===== Listed entries

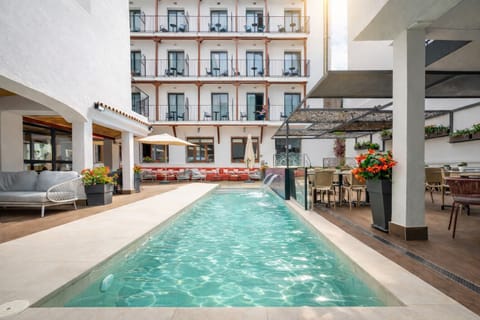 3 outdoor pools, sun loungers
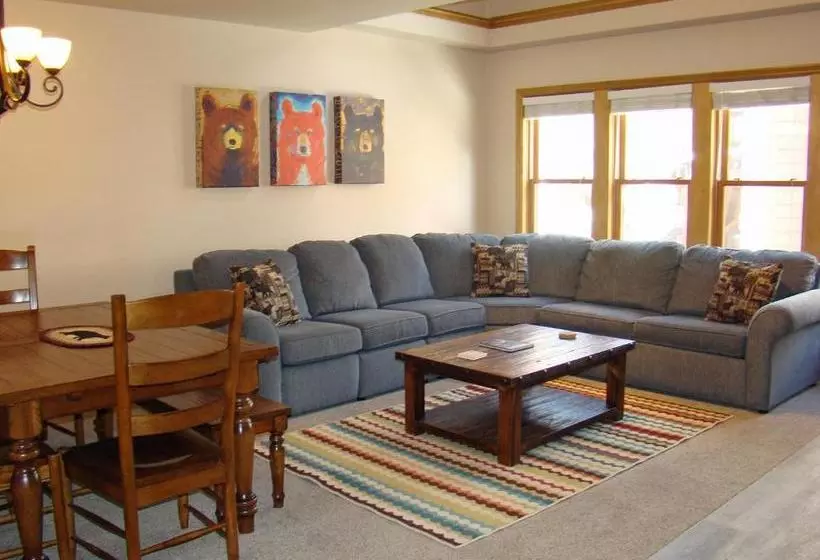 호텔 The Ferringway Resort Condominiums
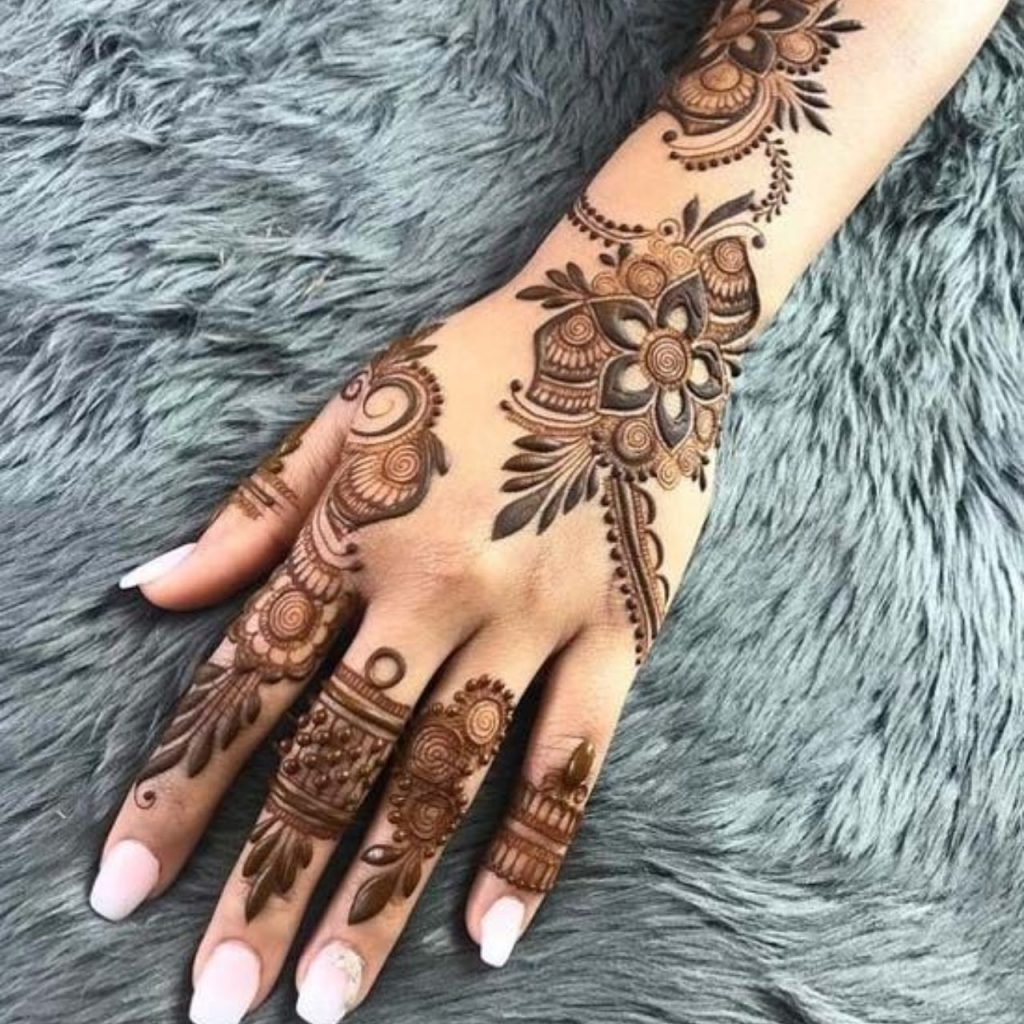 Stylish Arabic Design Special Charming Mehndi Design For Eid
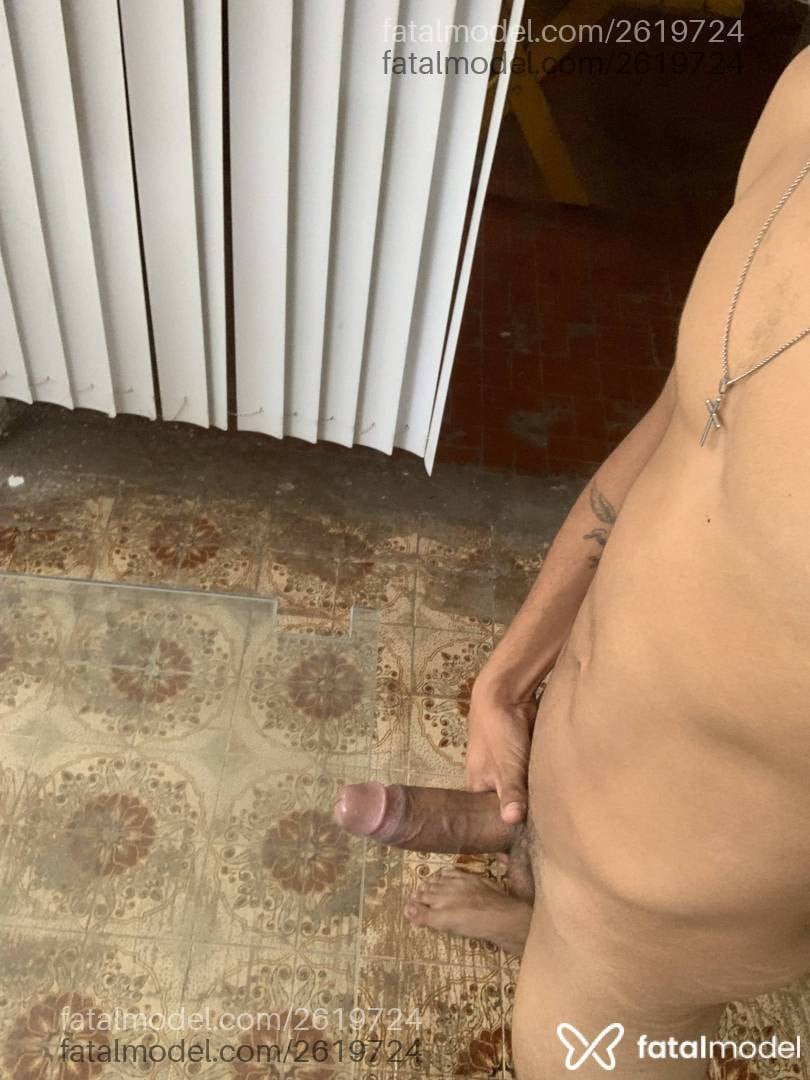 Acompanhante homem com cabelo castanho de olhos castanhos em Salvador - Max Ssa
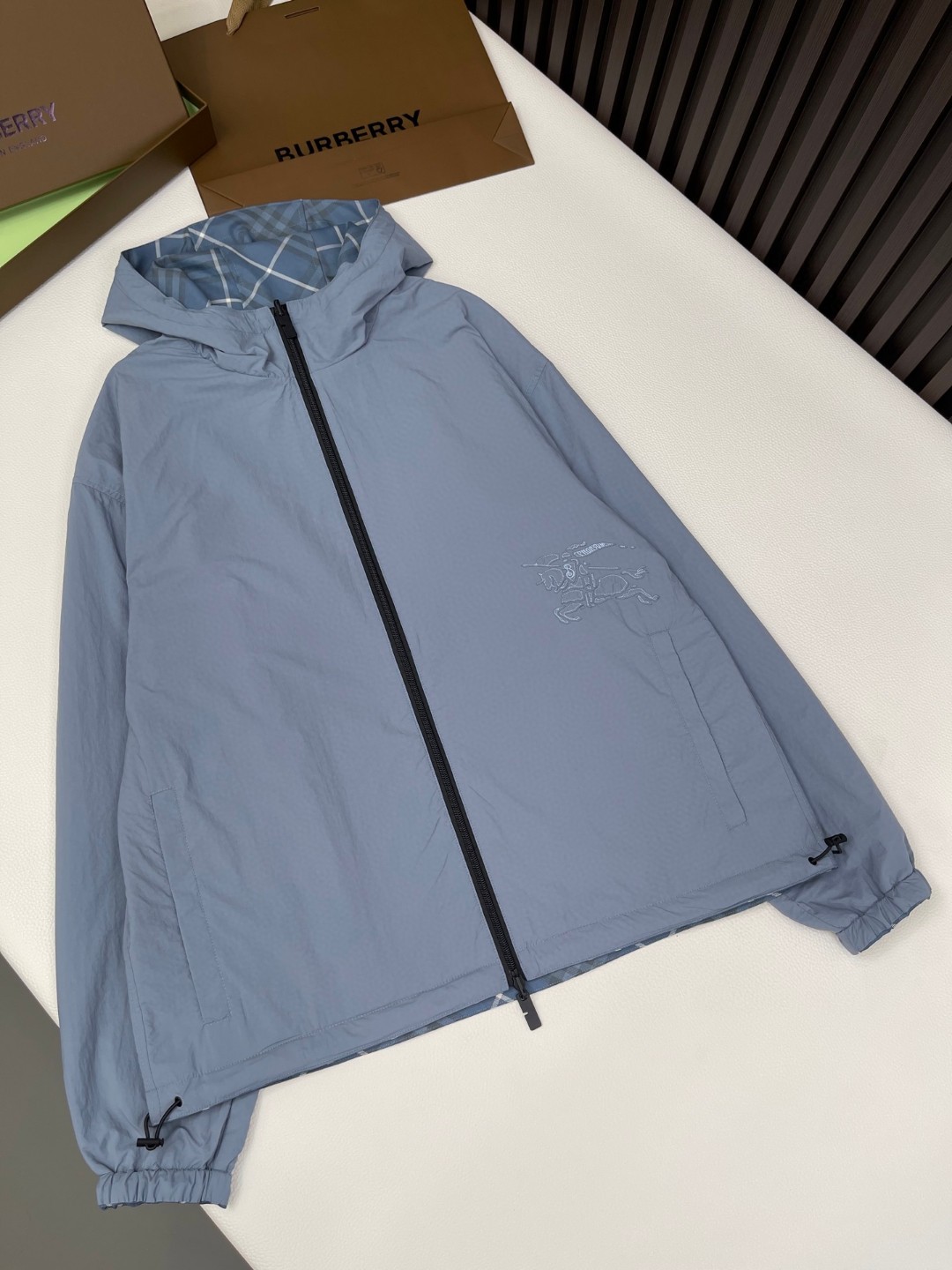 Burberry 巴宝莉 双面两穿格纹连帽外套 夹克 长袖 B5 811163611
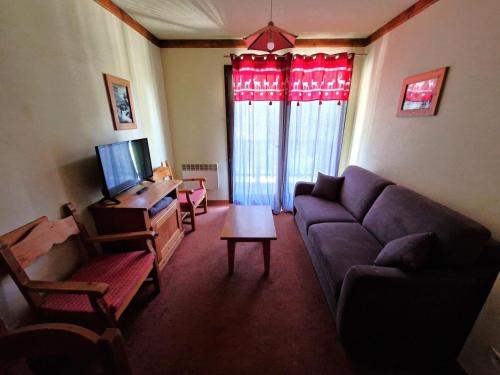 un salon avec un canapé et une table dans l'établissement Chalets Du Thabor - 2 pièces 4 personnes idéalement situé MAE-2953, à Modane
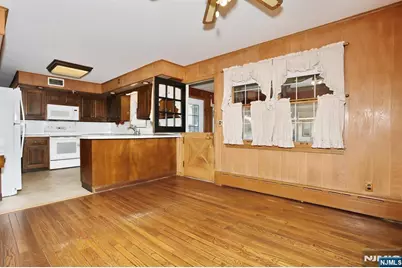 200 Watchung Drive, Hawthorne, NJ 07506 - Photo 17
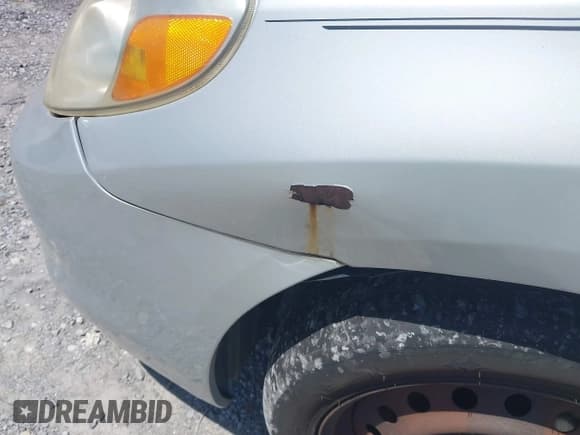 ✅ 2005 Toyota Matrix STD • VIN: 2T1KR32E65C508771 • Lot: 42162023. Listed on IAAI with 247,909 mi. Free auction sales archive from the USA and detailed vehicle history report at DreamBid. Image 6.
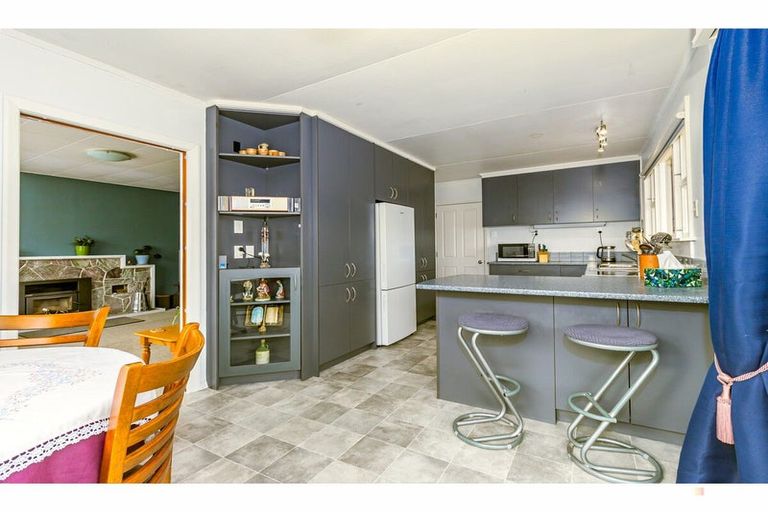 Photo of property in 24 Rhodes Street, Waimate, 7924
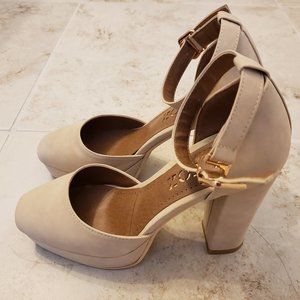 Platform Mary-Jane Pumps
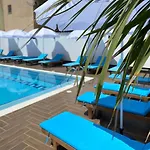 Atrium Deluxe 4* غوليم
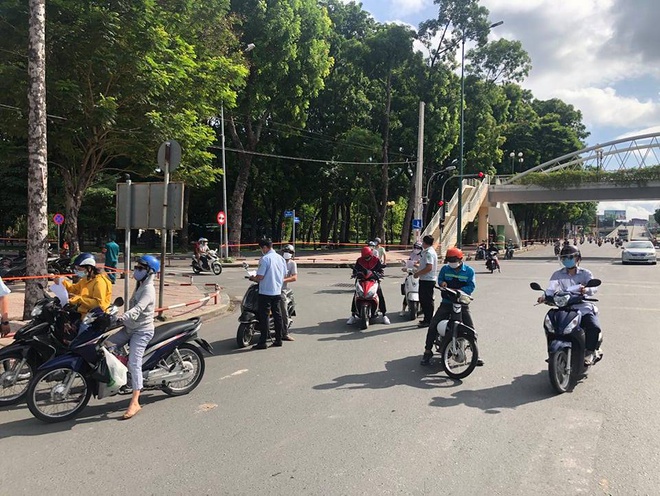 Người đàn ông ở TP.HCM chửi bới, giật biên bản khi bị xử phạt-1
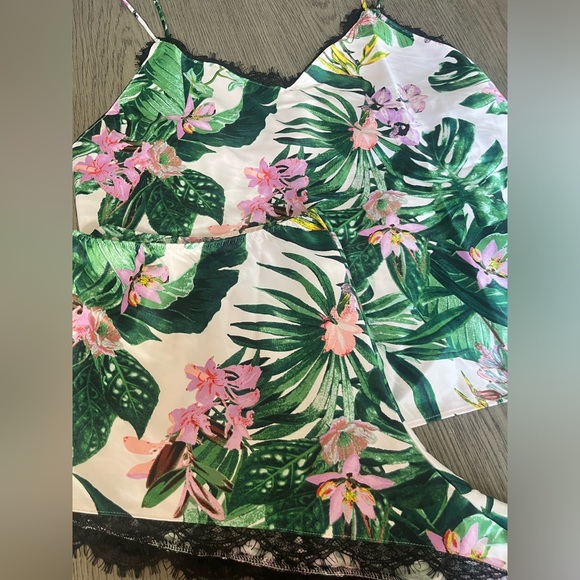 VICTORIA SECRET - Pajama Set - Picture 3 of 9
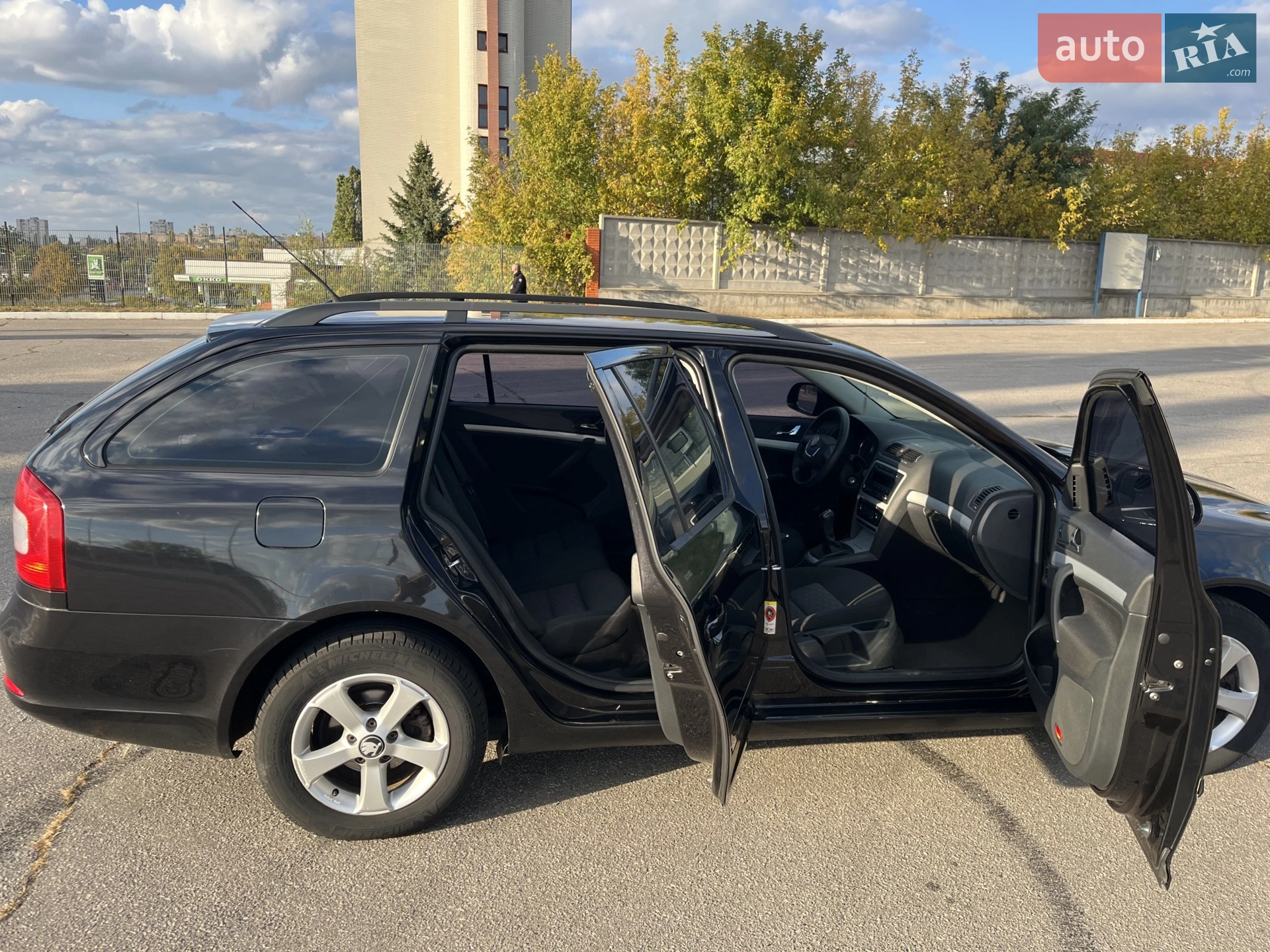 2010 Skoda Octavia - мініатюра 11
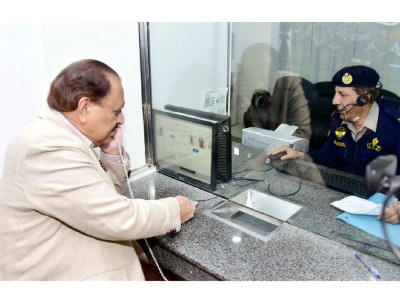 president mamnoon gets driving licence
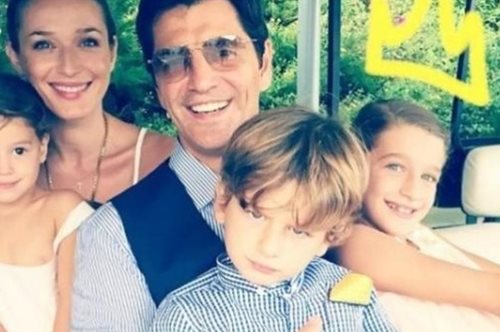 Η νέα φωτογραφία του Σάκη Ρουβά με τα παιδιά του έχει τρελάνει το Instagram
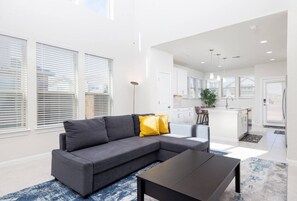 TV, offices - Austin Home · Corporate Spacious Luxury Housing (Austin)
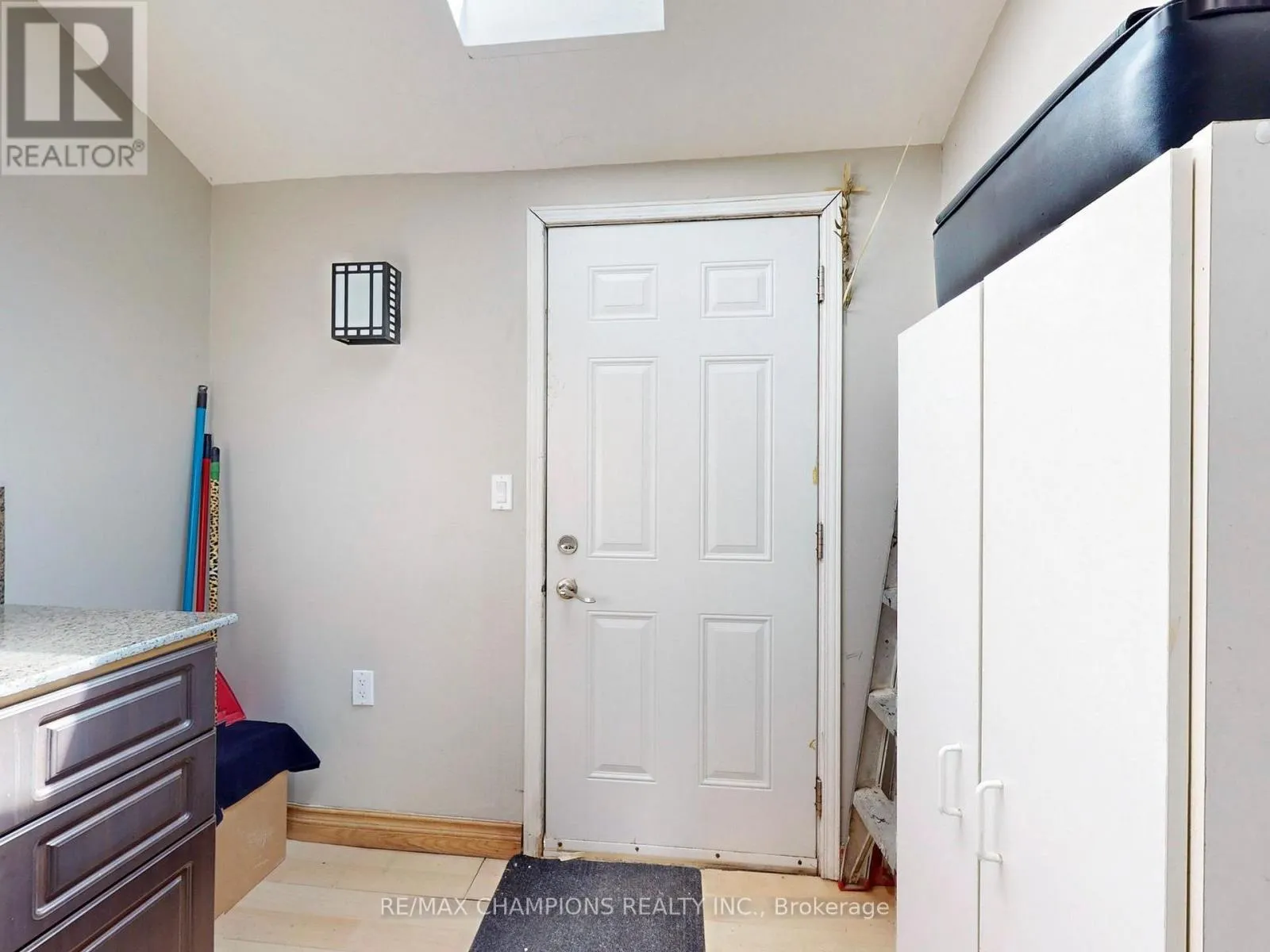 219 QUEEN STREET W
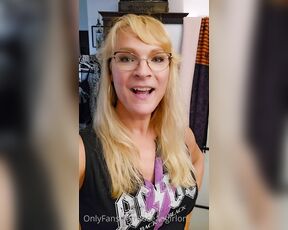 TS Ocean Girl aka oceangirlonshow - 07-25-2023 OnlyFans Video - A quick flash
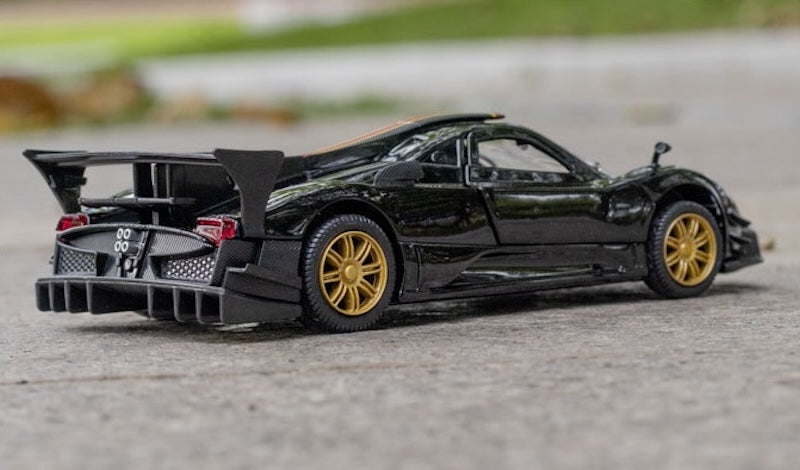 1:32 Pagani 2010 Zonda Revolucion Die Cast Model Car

==========

Your objective
Restate each entry exactly, omitting pictures.

Result of this exercise
 3 outdoor pools, sun loungers
 호텔 The Ferringway Resort Condominiums
 Stylish Arabic Design Special Charming Mehndi Design For Eid
 Acompanhante homem com cabelo castanho de olhos castanhos em Salvador - Max Ssa
 Burberry 巴宝莉 双面两穿格纹连帽外套 夹克 长袖 B5 811163611
 un salon avec un canapé et une table dans l'établissement Chalets Du Thabor - 2 pièces 4 personnes idéalement situé MAE-2953, à Modane
 200 Watchung Drive, Hawthorne, NJ 07506 - Photo 17
 ✅ 2005 Toyota Matrix STD • VIN: 2T1KR32E65C508771 • Lot: 42162023. Listed on IAAI with 247,909 mi. Free auction sales archive from the USA and detailed vehicle history report at DreamBid. Image 6.
 Photo of property in 24 Rhodes Street, Waimate, 7924
 Platform Mary-Jane Pumps
 Atrium Deluxe 4* غوليم
 Người đàn ông ở TP.HCM chửi bới, giật biên bản khi bị xử phạt-1
 VICTORIA SECRET - Pajama Set - Picture 3 of 9
 2010 Skoda Octavia - мініатюра 11
 president mamnoon gets driving licence
 Η νέα φωτογραφία του Σάκη Ρουβά με τα παιδιά του έχει τρελάνει το Instagram
 TV, offices - Austin Home · Corporate Spacious Luxury Housing (Austin)
 219 QUEEN STREET W
 TS Ocean Girl aka oceangirlonshow - 07-25-2023 OnlyFans Video - A quick flash
 1:32 Pagani 2010 Zonda Revolucion Die Cast Model Car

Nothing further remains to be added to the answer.